The next item to consider is what drives the malt bill for the beer? For the robust porter I have in mind, the dark specialty malts are top in my mind. Also I want to create a beer that has depth of flavor where there are multiple competing dark malts providing a layered finish. I personally don’t like single-dark malt beers as I think they lack proper depth and are boring.
As a base malt I choose Maris Otter, mainly because it reflects the grain complexity I’m looking for in the finished beer. Maris Otter is a flavorful English pale malt and I think it fits well with the style. I used Maris Otter as the base (87% of the grain bill).
To achieve proper depth of flavor in a robust porter, I personally like to pick grains from different malt groups. From the roasted group I picked a blend of 2% Black patent and 3.6% Chocolate malt. Next I purposely picked two Crystal malts that are in the harsh zone: Special B (3.6%) and Crystal 60L (3.6%). If you have not read my article on harsh zone malts, these are malts that have harsh flavors like burnt marshmallow and burnt toast if you overuse them. However, in small quantities, malts like Special B can add some great complexity, dark fruit flavors and depth to your beer.

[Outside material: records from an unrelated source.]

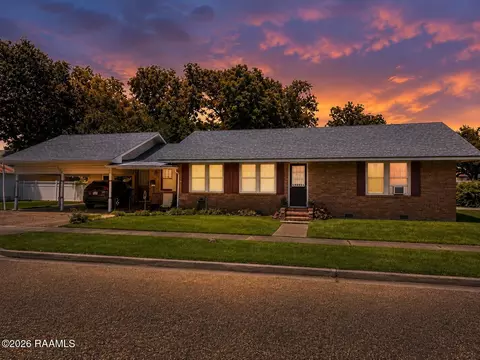 Exterior - 400 W Oak Ave, Eunice, LA 70535 photo 1 of 1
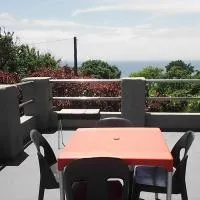 Sea view, self-catering, vacation apartment., готель у місті Elysium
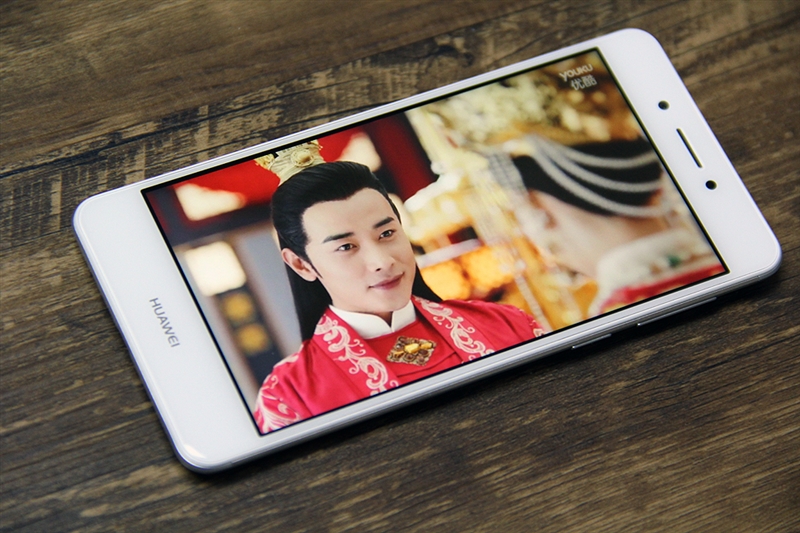 华为畅享6s上手详评,华为畅享6s怎么样值得买吗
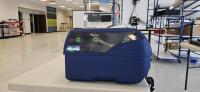 Brady BradyPrinter i7100 Label Printer - 3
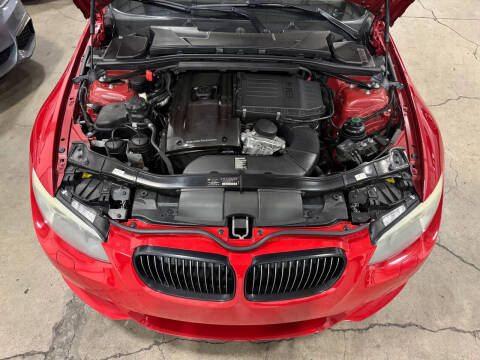 2011 BMW 3 Series 335is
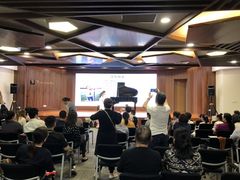 -知音艺术教育培训·钢琴培训·音乐培训(河西金鹰世界校区)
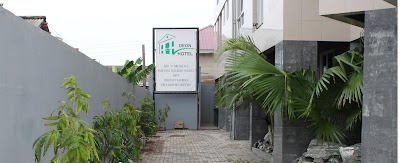 Photos of Deon Hotels
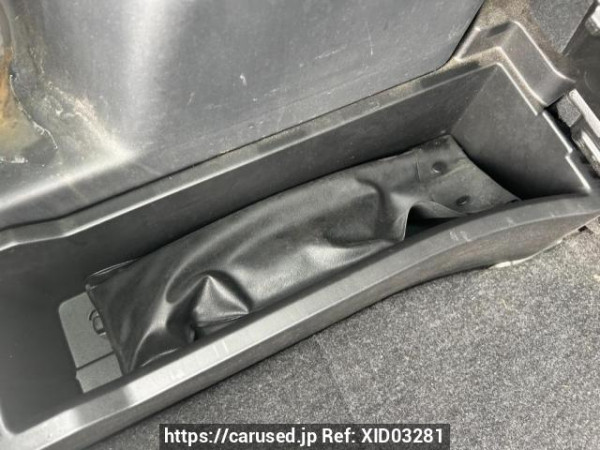 Used 2005 AT toyota vitz NCP91 Image[45]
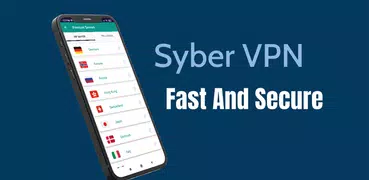 Syber VPN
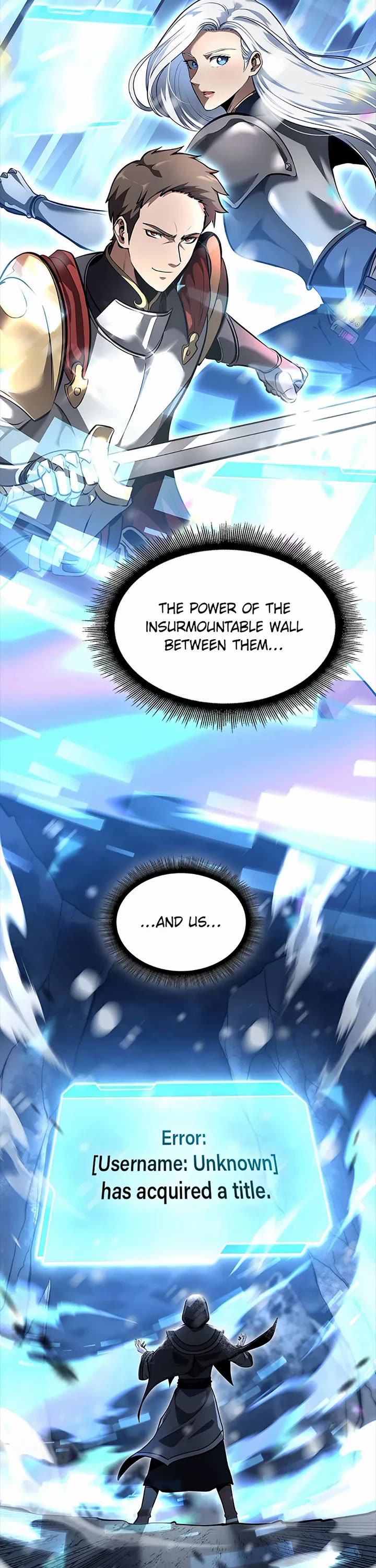 I Returned as an FFF-Class Witch Doctor Chapter 100 page 31 - Chapter 100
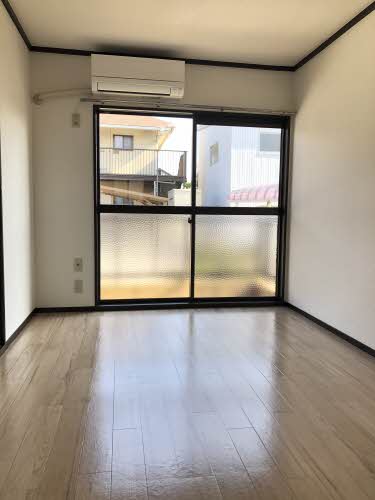 パークハイツ A棟 A0101号-8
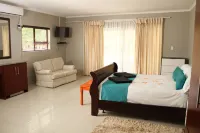 廷伊可克留格爾小屋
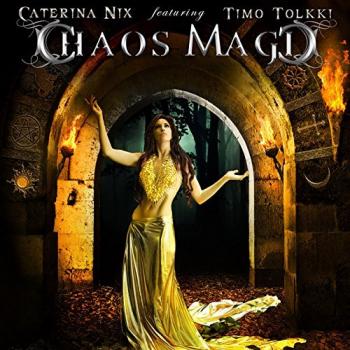 Chaos Magic - Chaos Magic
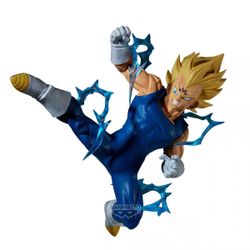 Banpresto Dragon Ball Z MATCH MAKERS Majin Vegeta Rival Prize Figure Japan Ver.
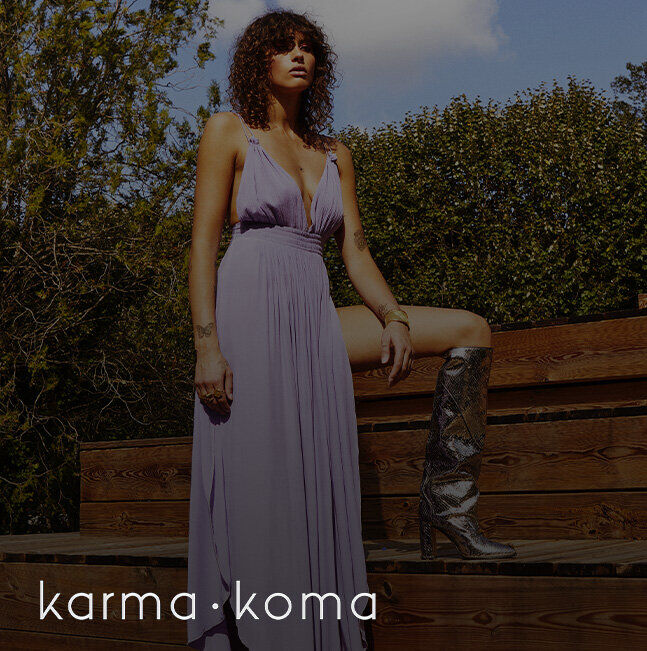 Vente Privée Karma Koma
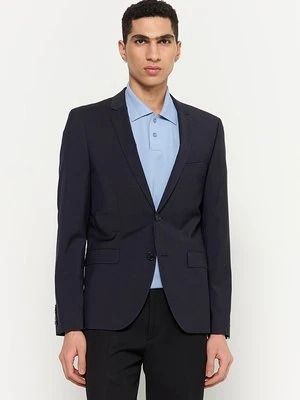 Marynarka garniturowa HUGO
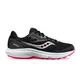 zapatillas-saucony-cohesion-16-NEGRO/FUCSIA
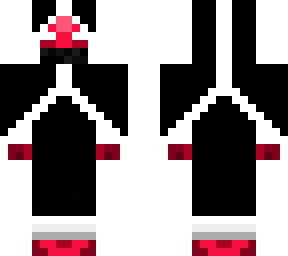 cloaked ld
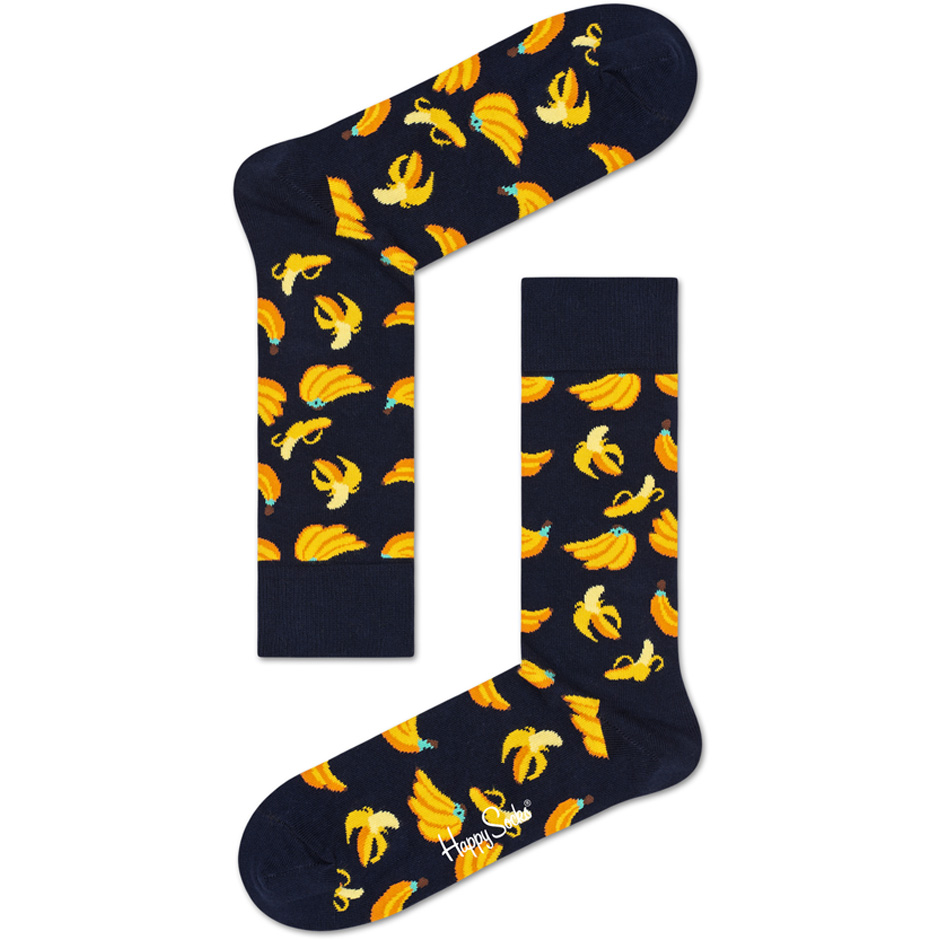 Happy Socks Banana Sock 41-46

Notice that the entire mix of specialty malts only makes up 12.9% of the malt bill, and the harsh malts make up only a few percent. This fits with my philosophy that most of your malt bill should be base malt. Despite this, the finished beer has a very robust porter flavor, bordering on some milder stouts in terms of flavor.
For original gravity I picked a somewhat modest OG of 1.059, which due to the lower attenuation English Ale yeast used gives only a 5.3% beer. This keeps it drinkable but still retains plenty of body.
Hops and Yeast
For hops, I did go with a slightly unconventional choice. Normally I probably would have used a traditional English hops like East Kent Goldings. However I enjoy well balanced beers from the midwest like Edmunds Fitzgerald Porter and Bells Two Hearted so I decided to use Centennial as my hop. I have had good results with this hops in other beers, and since this was not a hop forward beer I thought it a good opportunity to experiment.
I picked a hop level of 36.7 IBUs for a bitterness ratio of 0.674 which is in the “balanced” range for hop to malt. This is not a hop forward beer, but you still need sufficient hops to offset the high body of the finished beer.
For yeast, I went with a traditional English Ale yeast (WLP002 from White Labs). I could easily have gone with an American Ale yeast if I wanted a cleaner finish, but like the pick of Maris Otter above I thought the English Ale would add complexity (esters, diacetyl, etc..) and depth to the finished beer. Also I was shooting for a higher final gravity (low attenuation) to increase body.
Water and the Mash
I did not do much in terms of water adjustment for this beer – targeting a balanced water profile that had mid-range numbers for all of the major water ions. Since my base water has low ions I did have to add a few water salts but this was done just to bring the ions up to an appropriate level for brewing.
I picked a medium body single step mash profile, and targeted a mash pH of 5.2. This did require a small lactic acid addition up front to achieve my target mash pH but I did not require any additional acid after that.
As I had access to a temperature controlled fermenter, I targeted the mid temperature range for the yeast which was around 67 F. Fermentation progressed rather quickly and I removed the trub from the bottom of my conical as it built up. I fermented and aged the beer for approximately a month total before transferring to kegs.
I sampled the beer at kegging and it was quite good. After about a week to carbonate, I sampled again and it became even better. Early on it had a very robust but remarkably fresh taste. The flavor and complexity was exactly what I was looking for in the beer. I was particularly happy with how the grain bill came through and created the layers of distinct flavors I was looking for. It was not a one-dimensional malt flavor but instead a cacophony of roast maltiness. It was a great fresh beer, so I put it in the fridge and enjoyed it for several months.
After aging for perhaps a month more it did change character slightly – achieving a more mild balanced flavor that was very enjoyable, though it did loose some of the super fresh character it had up front.